La conseguenza di tale decisione, precisa il governo, è che anche carte che dovrebbero essere liberamente consultabili rimangono invece inaccessibili al pubblico. Tale divieto di consultazione andrebbe tuttavia, secondo l’esecutivo, relativizzato giacché a certe condizioni è possibile ottenere visione di determinati dossier su richiesta.

La decisione di prorogare il termine è stata adottata nel gennaio di quest’anno con una certa discrezione e portata a conoscenza del pubblico soltanto la settimana scorsa dal domenicale “Schweiz am Sonntag”. Il settimanale parla di una richiesta del DDPS al Dipartimento federale dell’interno di prorogare il termine di segretezza a 80 anni, ossia 50 in più del normale periodo di protezione previsto dalla Legge federale sull’archiviazione, vale a dire 30 anni.

Nei dossier sensibili figurerebbero luoghi geografici, coordinate di edifici e infrastrutture militari o bunker ancora oggi in funzione, aveva precisato la portavoce del DDPS Karin Suini all’ats.

Sempre secondo la portavoce del DDPS, all’origine di questa proroga del periodo di segretezza vi sarebbe la decisione dell’Archivio federale di permettere l’accesso online (www.swiss-archives.ch) agli inventari dei fondi. In tal modo numerosi documenti avrebbero potuto venir consultati ovunque nel mondo. La scelta del DDPS è quindi legata a motivi di sicurezza, aveva sottolineato Karin Suini.

Tale affermazione non corrisponde assolutamente al vero, ha dichiarato all’ats il presidente della Società Svizzera di Storia, Sacha Zala. Non solo non è possibile consultare i documenti partendo dall’inventario on-line, ma da quest’ultimo l’Archivio federale ha già espunto tutti i dossier sensibili. “Parliamo di diverse centinaia di migliaia di titoli di dossier che non sono pubblicati sul web”, precisa Zala.

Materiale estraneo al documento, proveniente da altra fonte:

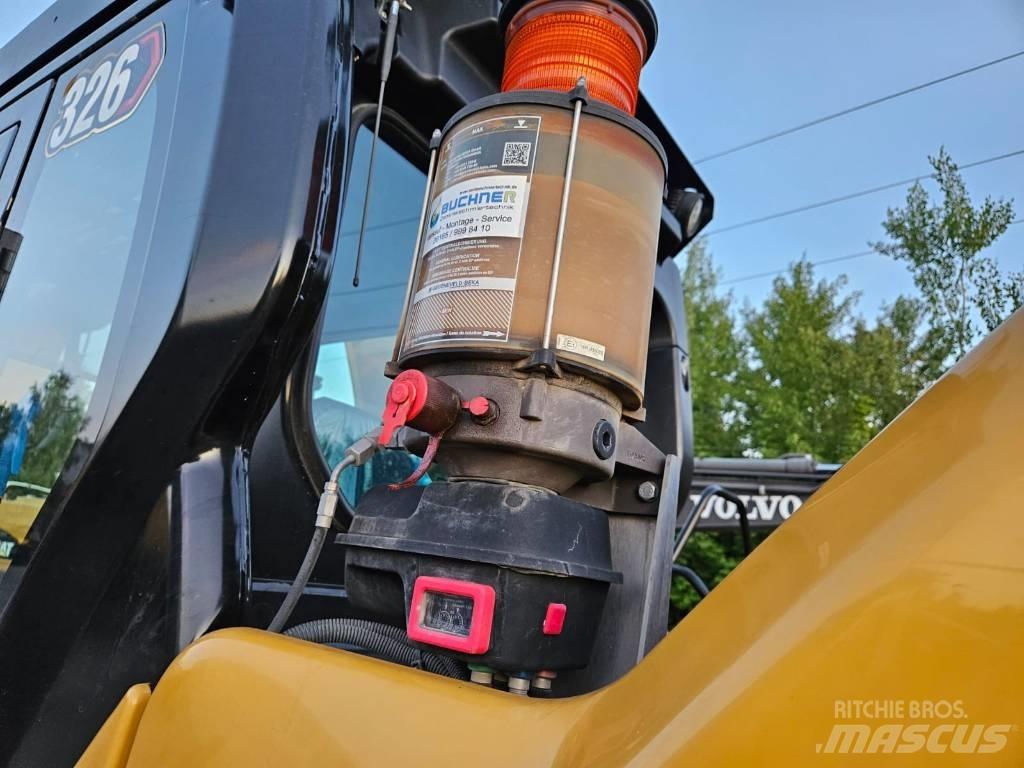 CAT 326-07 Pásová rýpadla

“Per consultare l’inventario completo bisogna recarsi fisicamente all’Archivio federale e legittimarsi per la consultazione”. Insomma, invece di applicarsi a filtrare soltanto i pochi dossier sensibili – una scelta del tutto legittima e comprensibile secondo Zala – il DDPS ha agito preventivamente bloccando tutto il fondo, composto da centinaia di metri lineari.